WASHINGTON (Reuters) - U.S. retail sales fell less than expected in February, but a sharp downward revision to January’s data could reignite concerns about the economy’s growth prospects.
Tuesday’s weak report from the Commerce Department bucked the trend of recent labor market data that had suggested the economy remained on solid ground despite some fears of a looming recession.
The data could give the Federal Reserve more reason to keep interest rates unchanged on Wednesday, when it is due to release its latest policy statement.
“The economy’s engines are not going into reverse ... but at the moment, it is hard to see GDP with a 2 percent handle. Based on today’s lackluster sales report, policymakers will be in no hurry to raise interest rates,” said Chris Rupkey, chief economist at MUFG Union Bank in New York.
Retail sales dipped 0.1 percent last month as automobile purchases fell and cheaper gasoline undercut receipts at service stations. January’s retail sales were revised down to show a 0.4 percent drop instead of the 0.2 percent gain previously reported.
Underscoring the report’s weakness, retail sales excluding automobiles, gasoline, building materials and food services were unchanged last month after a downwardly revised 0.2 percent increase in January.
These so-called core retail sales correspond most closely with the consumer spending component of gross domestic product and were previously reported to have risen 0.6 percent in January. Economists had forecast retail sales slipping 0.2 percent and core retail sales advancing 0.2 percent in February.
The retail sales report combined with sliding oil prices to push U.S. stocks lower. The S&P 500 retail index .SPXRT, however, was little changed. Prices for U.S. government debt were marginally higher, while the dollar .DXY was largely unchanged against a basket of currencies.
Last month’s weak core retail sales reading, together with January’s modest gain, suggest that consumer spending will probably remain tepid in the first quarter after growing at a 2.0 percent annualized rate in the fourth quarter.
Still, consumer spending, which accounts for more than two-thirds of the U.S. economy, remains supported by a strengthening labor market and rising house prices. Economists cut their first-quarter GDP growth estimates by as much as half a percentage point to as low as a 1.9 percent rate after the data.
The economy grew at a 1 percent pace in the fourth quarter.
Economic growth prospects were further dented by another report from the Commerce Department showing business inventories edging up 0.1 percent in January as sales continued to decline.
That pushed the inventory-to-sales ratio to its highest level since May 2009, suggesting inventories could remain a drag on growth in the near term.
“The buildup looks unintentional.
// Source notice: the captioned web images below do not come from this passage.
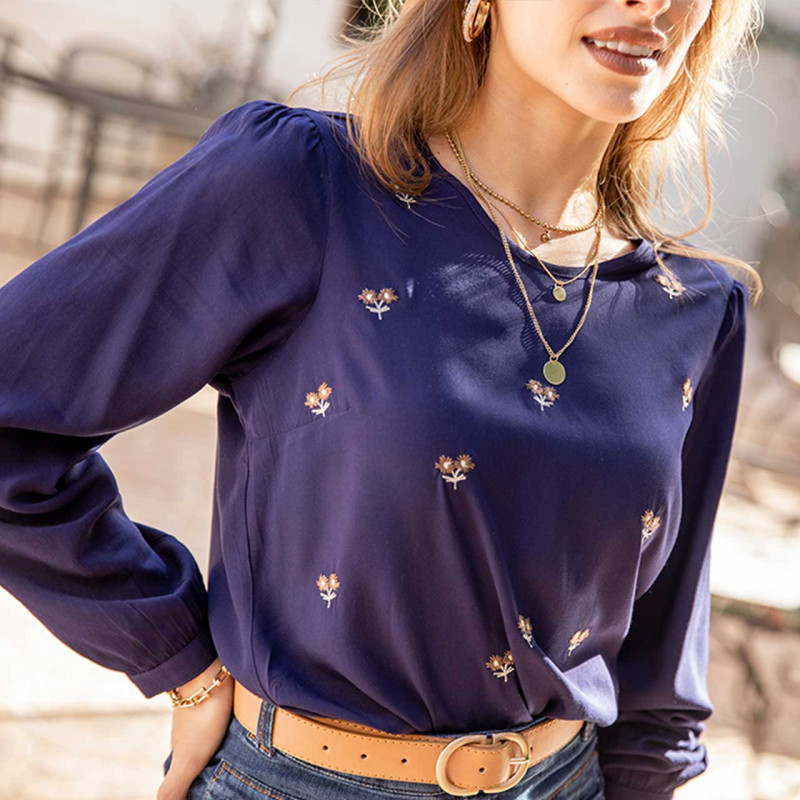 Blusa Azul c/Bordado Cod. 7220190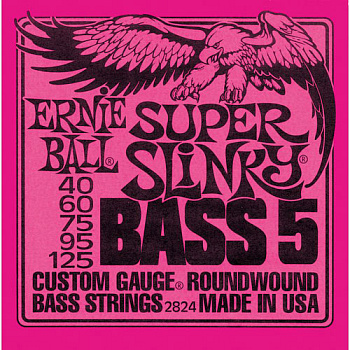 Ernie Ball 2824 - струны для 5-струнной бас-гитары Nickel Wound Bass Super Slinky 5 (40-60-75-95-125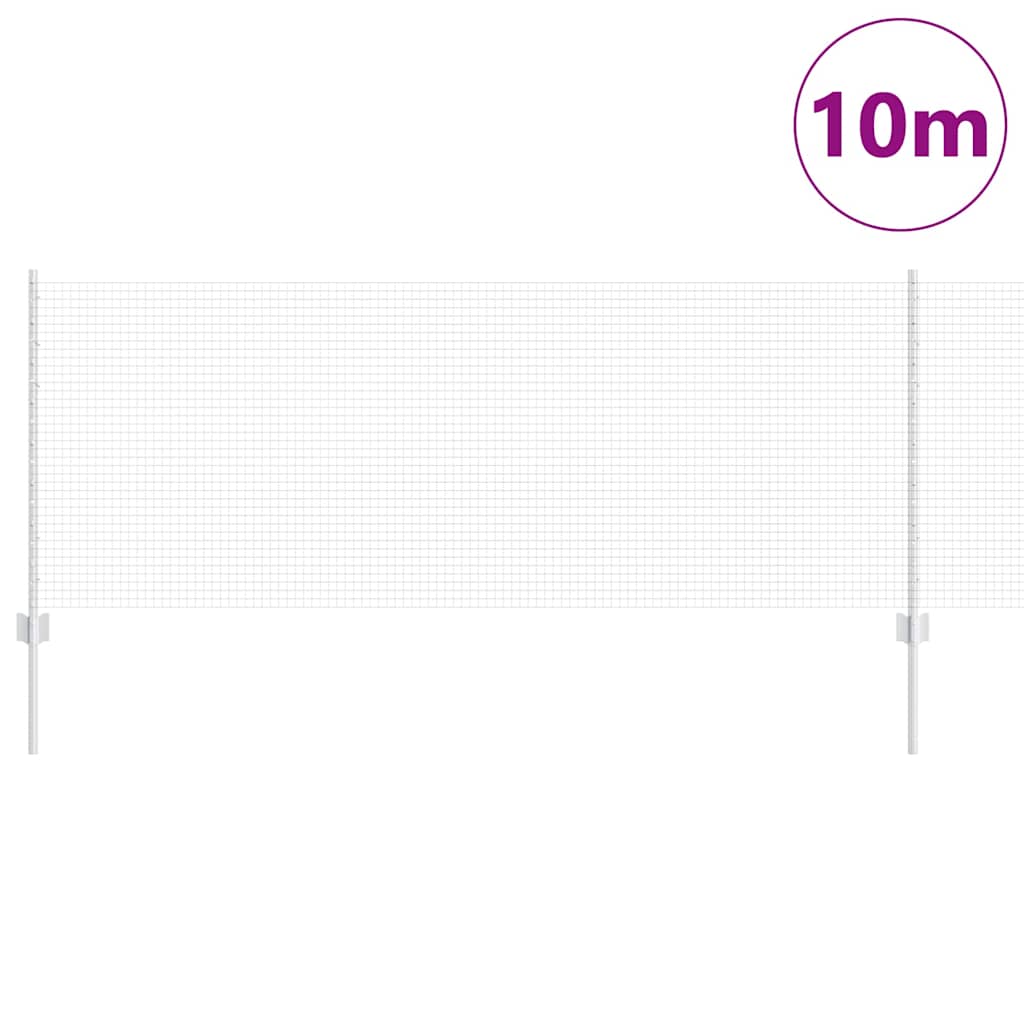 Vidaxl hek met paal zilver 0,8 x 10 m staal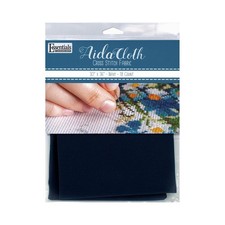 Essentials By Leisure Arts Aida Cloth, 18 Count, Navy Cross Stitch 30x36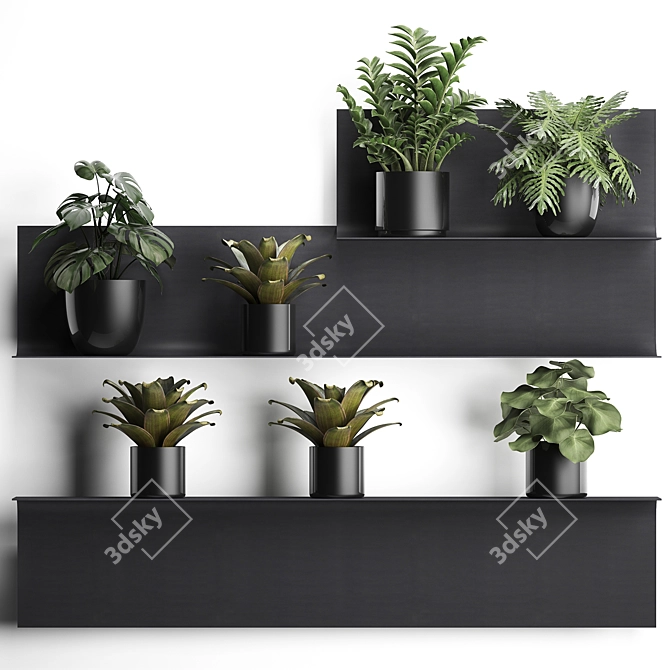 Vertical Garden: Collection of Exotic Houseplants 3D model image 1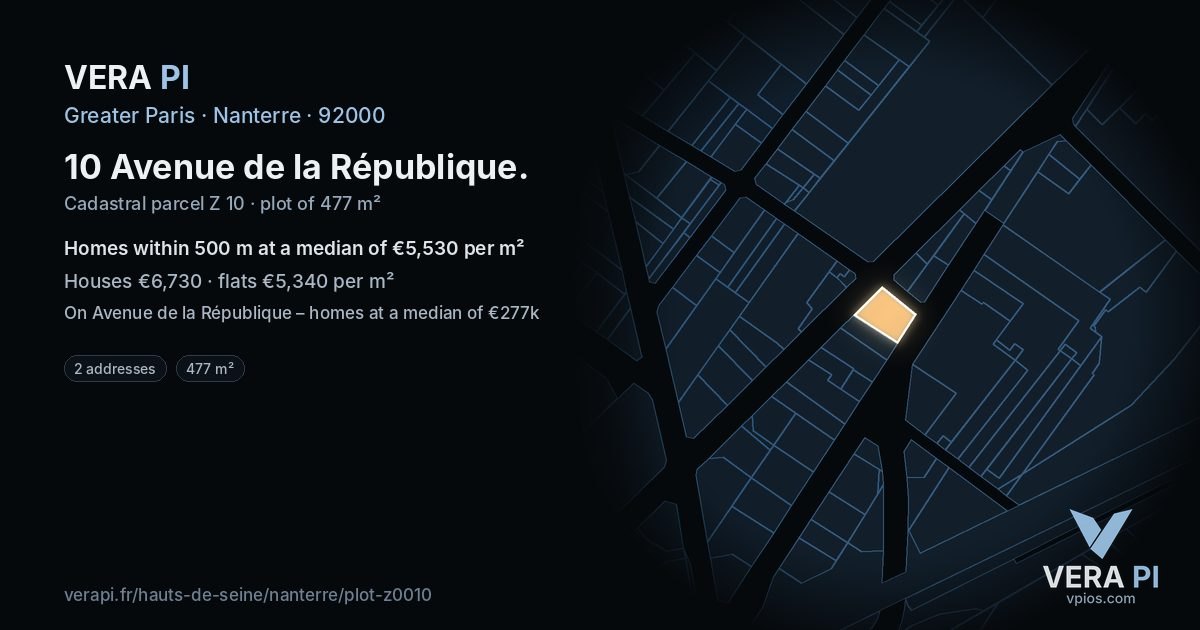 10 Avenue de la République, Nanterre at night – the plot lit, the parcels around coloured by the prices near them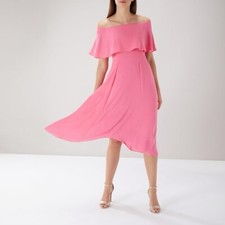 Brooke Bardot Dress Coast Pink Midi Length Off Shoulder Size 8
We would not be surprised to see businesses try to rein in inventories in the coming months,” said Tim Quinlan, a senior economist at Wells Fargo Securities in Charlotte, North Carolina.
The reports came as Fed officials gathered for a two-day policy meeting. The U.S. central bank is expected to stand pat as policymakers monitor developments on global financial markets, domestic inflation and the labor market.
The Fed hiked its benchmark overnight interest rate in December for the first time in nearly a decade.
In a third report, the Labor Department said its producer price index dropped 0.2 percent last month on lower energy and food costs, after edging up 0.1 percent in January.
In the 12 months through February, the PPI was unchanged after falling 0.2 percent in January. It was the first time since January 2015 that the year-on-year PPI did not decline.
A key measure of underlying producer price pressures that excludes food, energy and trade services rose 0.1 percent last month after advancing 0.2 percent in January. The so-called core PPI was up 0.9 percent in the 12 months through February, the largest gain since July 2015.
“These increases argue against the idea that deflation risks are spilling over into the U.S. economy,” said John Ryding, chief economist at RDQ Economics in New York.
Retail sales last month were weighed down by a 4.4 percent drop in the value of sales at service stations. Gasoline prices dropped 9 percent in February, according to the U.S. Energy Information Administration.
Auto dealerships, furniture retailers and electronics and appliance stores all had lower sales. But there were some pockets of strength, with sales rising at clothing stores and building materials and garden equipment merchants.
Receipts rose at restaurants and bars as well as at sporting goods and hobby stores, showing that consumers still have an appetite for discretionary spending.